Everything in the data must be repeated exactly, apart from the pictures, which are left out.
------------
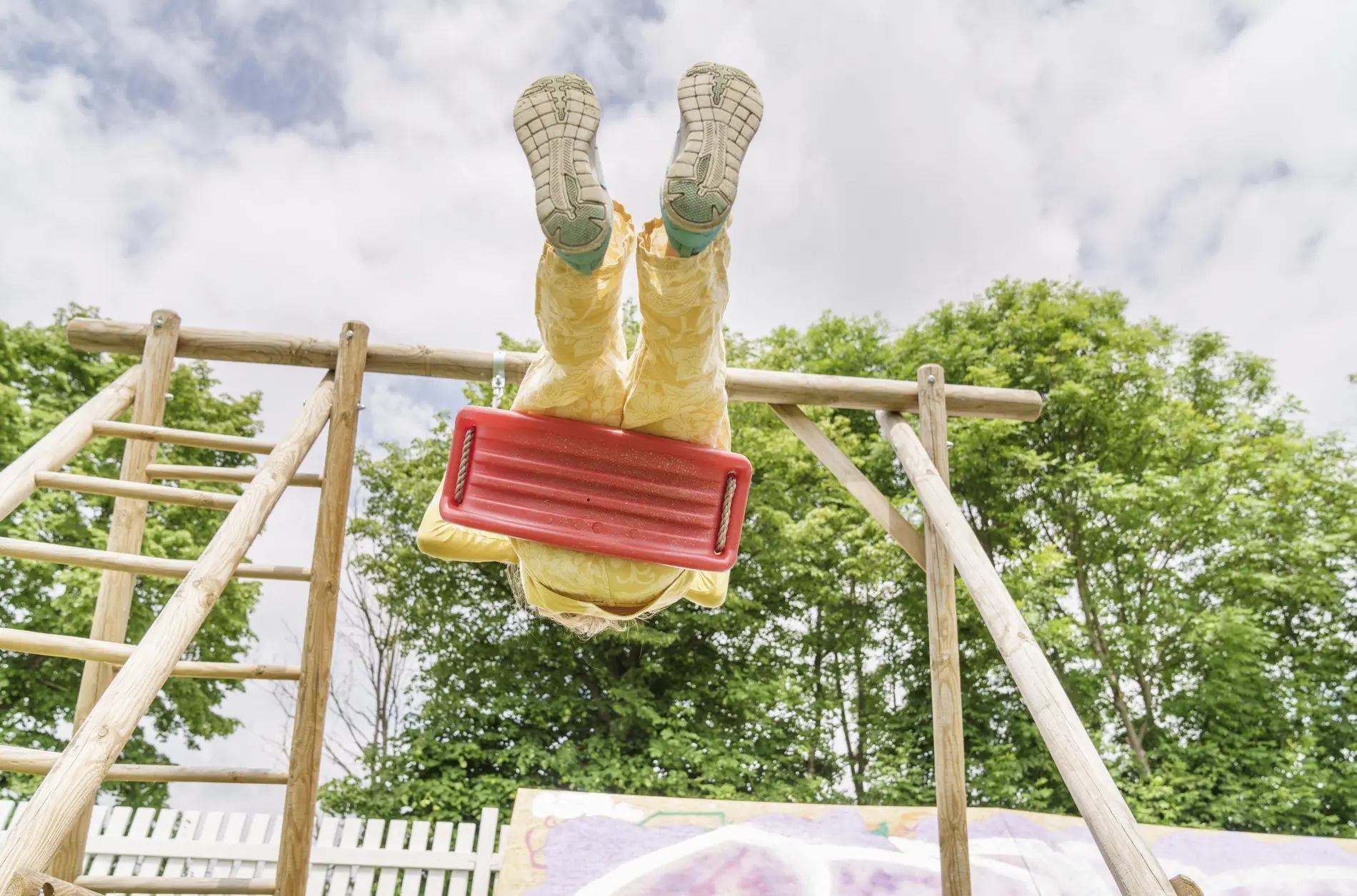 Ein Mädchen schaukelt auf dem Spielplatz.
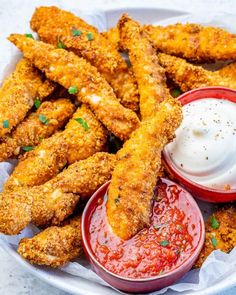 fried chicken sticks with ketchup and ranch dressing in a bowl on a table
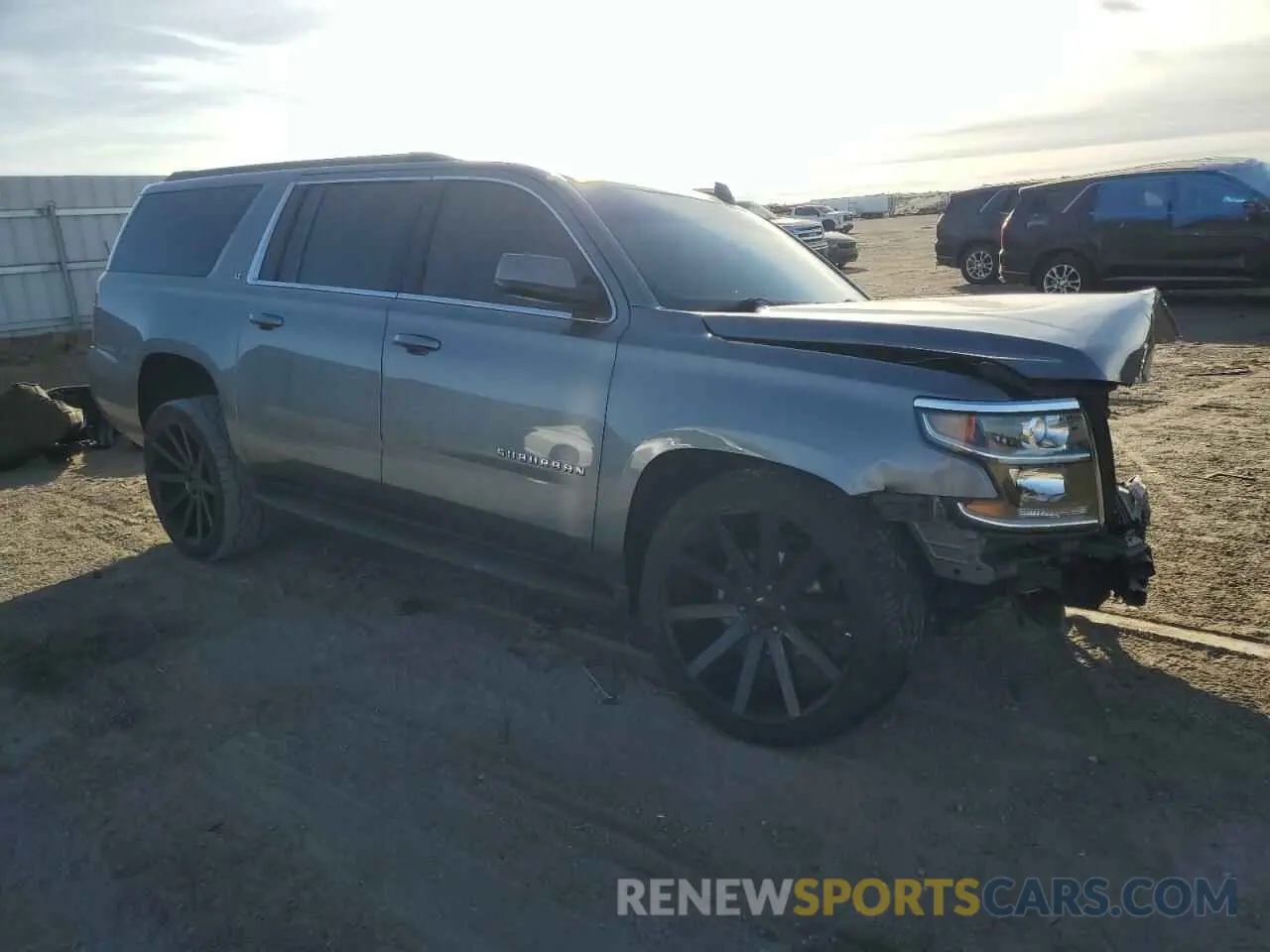 4 Photograph of a damaged car 1GNSKHKC5KR274499 CHEVROLET SUBURBAN 2019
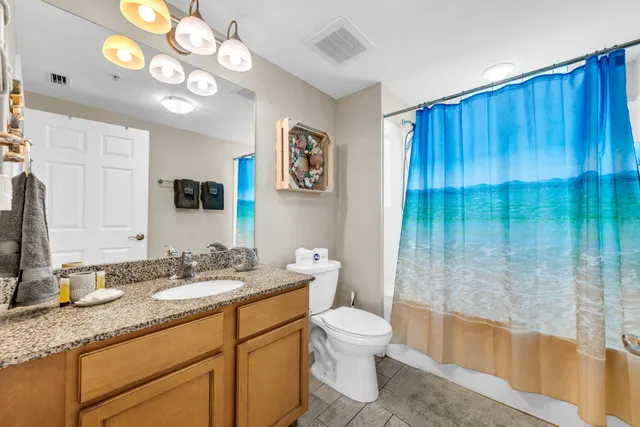 a bathroom with a granite countertop sink a toilet and a mirror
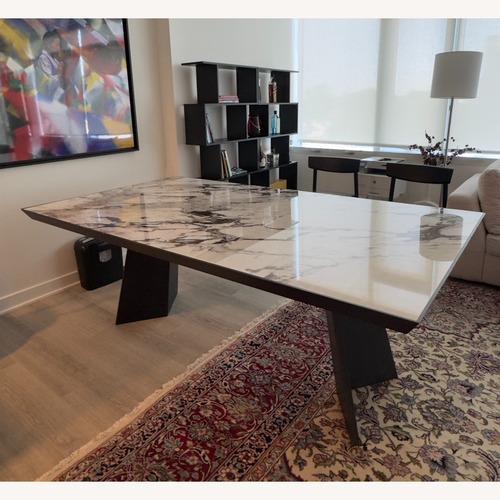 Used Andreu World Black Marble Dining Table for sale on AptDeco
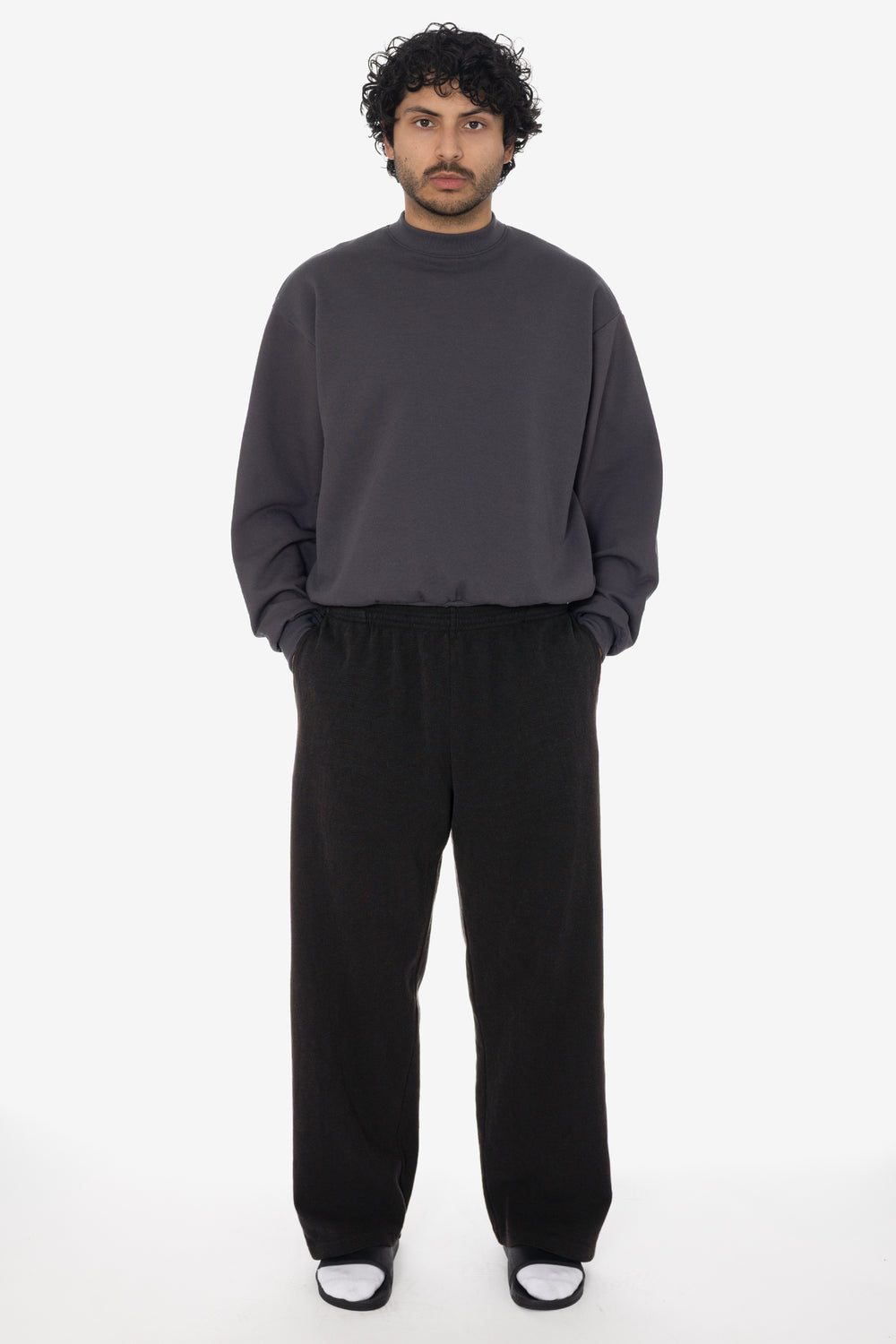 Model wearing black Heavy Thermal Garment Dye Sweatpants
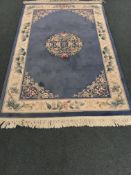 Chinese blue ground rug, central medallion, repeating border,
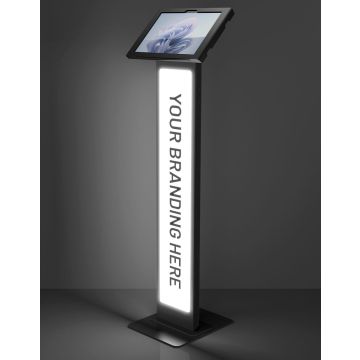 Photo en studio du support de sol noir Compulocks BrandMe Lumina Apex avec Microsoft Surface Pro 11, équipé d'un panneau de marquage éclairé.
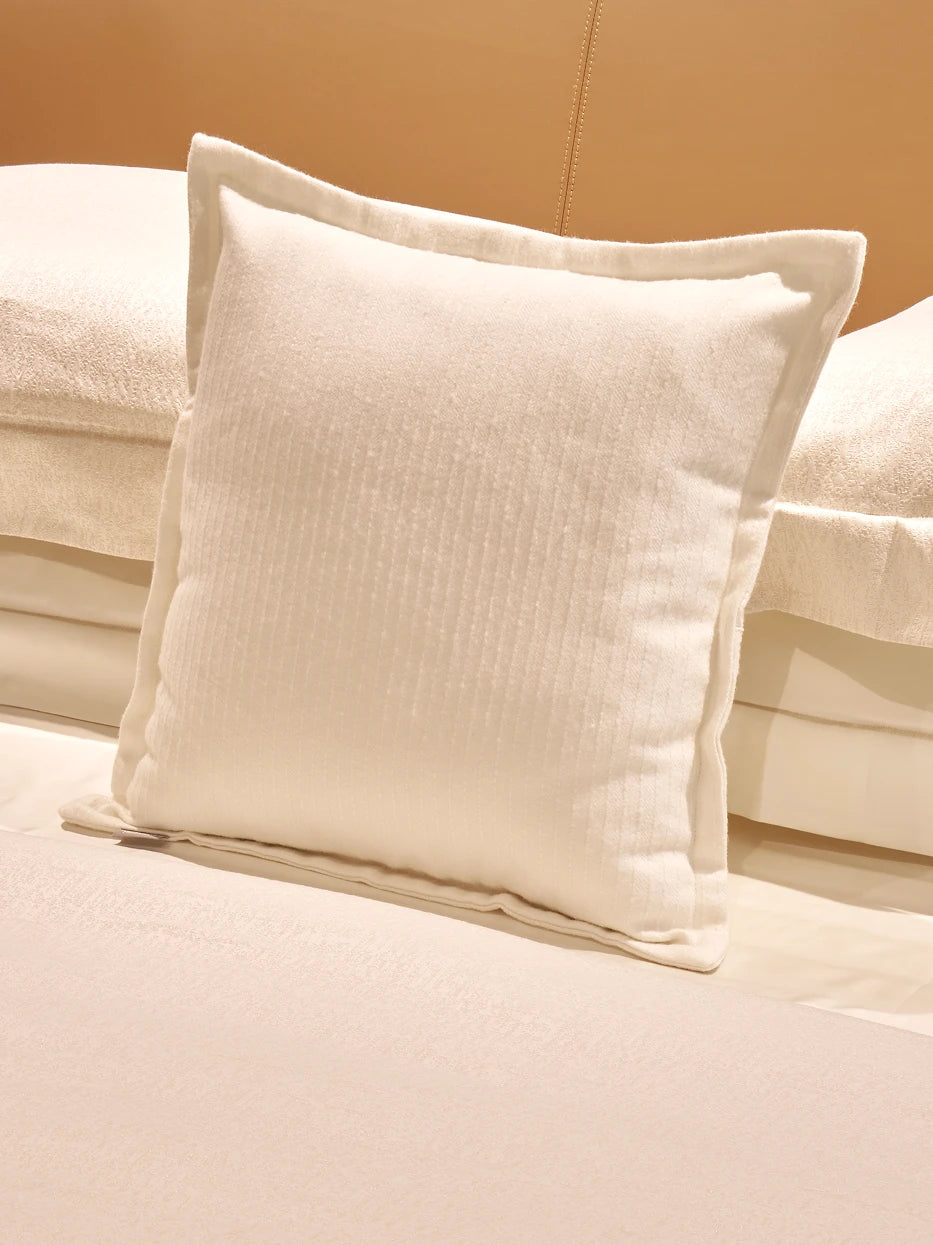 Bedside close-up texture shot of BERLIN wool blend white stripe cushion, showing dense vertical ribbed stripe texture and seamless neat finished edge detail, visible soft wool touch and silky drape of viscose fiber, displays premium multi-fabric knit craft and plump goose feather filling tactile texture for home textile product display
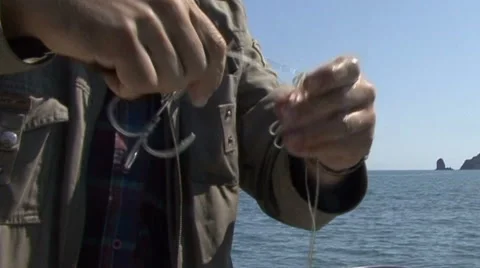 Knot on a fishing hook 스톡 동영상 52481968
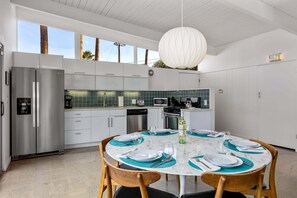 A modern kitchen with a marble island, stainless steel appliances, and teal accents. - Desert Eden – Midcentury Pool Oasis (Palm Springs)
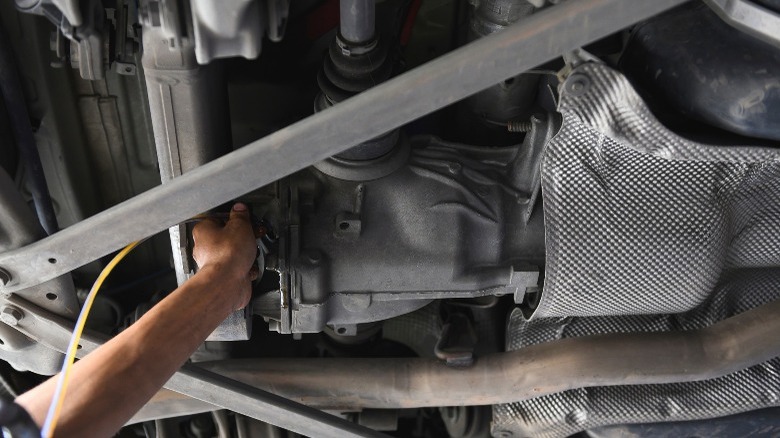 Differential fluid change on a raised car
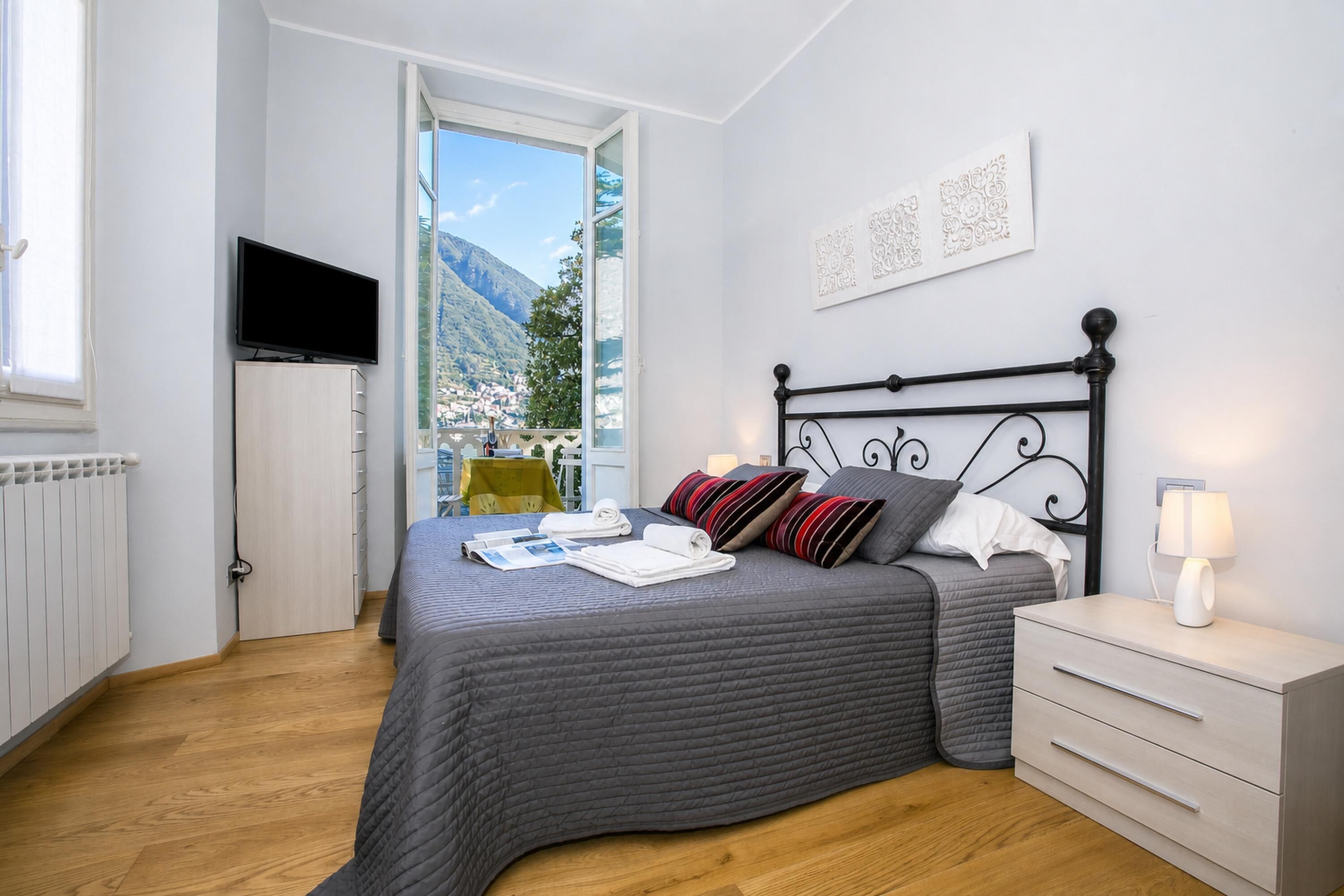 A bedroom with a bed, a TV, a bedside table with a lamp, and a view of a mountain.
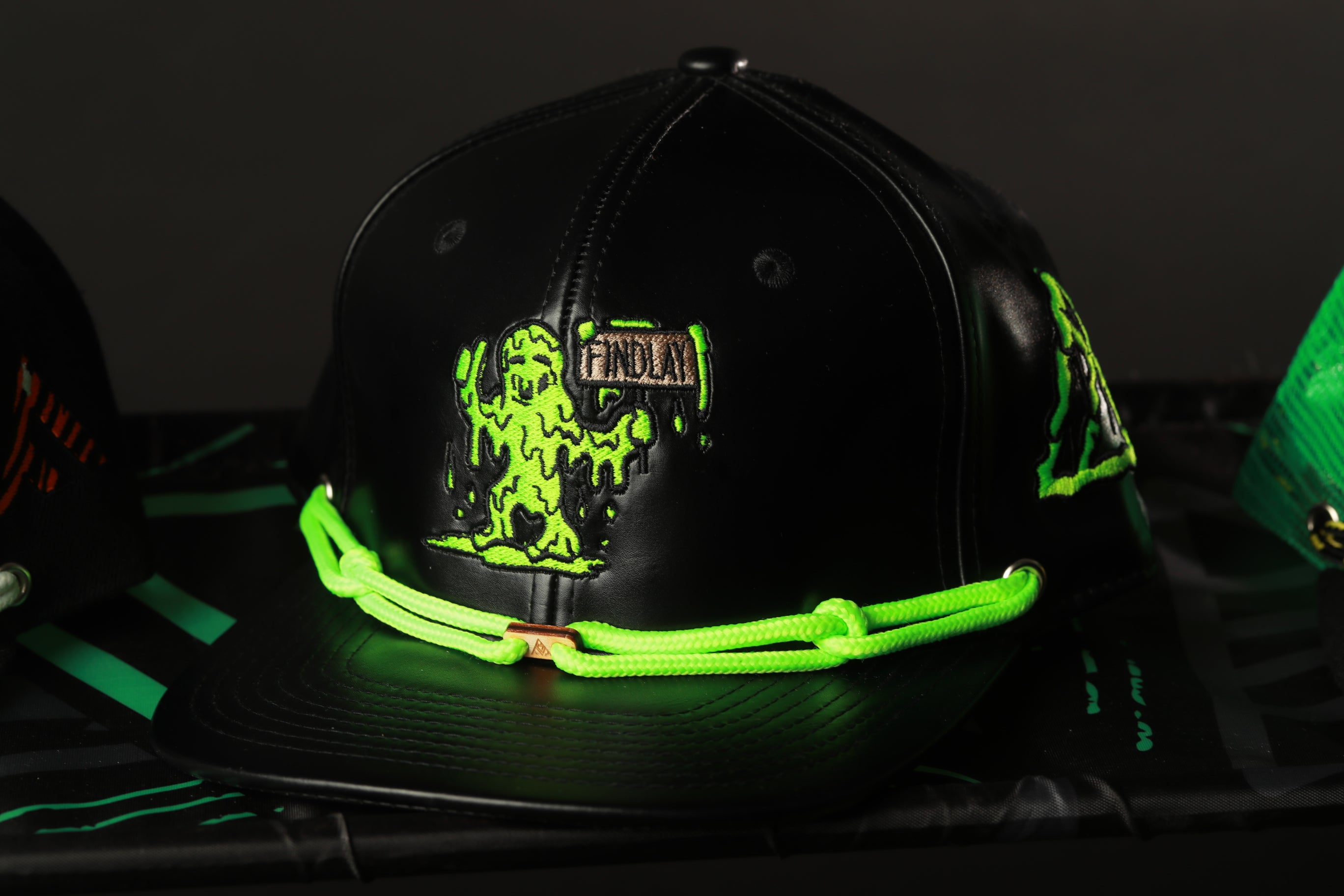 A black baseball cap with a green glow, featuring a graphic of a green alien-like creature on the front.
------------
*ANSWER BELOW*:
 Ein Mädchen schaukelt auf dem Spielplatz.
 fried chicken sticks with ketchup and ranch dressing in a bowl on a table
 4 Photograph of a damaged car 1GNSKHKC5KR274499 CHEVROLET SUBURBAN 2019
 a bathroom with a granite countertop sink a toilet and a mirror
 Used Andreu World Black Marble Dining Table for sale on AptDeco
 Model wearing black Heavy Thermal Garment Dye Sweatpants
 Chinese blue ground rug, central medallion, repeating border,
 Photo en studio du support de sol noir Compulocks BrandMe Lumina Apex avec Microsoft Surface Pro 11, équipé d'un panneau de marquage éclairé.
 Bedside close-up texture shot of BERLIN wool blend white stripe cushion, showing dense vertical ribbed stripe texture and seamless neat finished edge detail, visible soft wool touch and silky drape of viscose fiber, displays premium multi-fabric knit craft and plump goose feather filling tactile texture for home textile product display
 Knot on a fishing hook 스톡 동영상 52481968
 A modern kitchen with a marble island, stainless steel appliances, and teal accents. - Desert Eden – Midcentury Pool Oasis (Palm Springs)
 Differential fluid change on a raised car
 A bedroom with a bed, a TV, a bedside table with a lamp, and a view of a mountain.
 A black baseball cap with a green glow, featuring a graphic of a green alien-like creature on the front.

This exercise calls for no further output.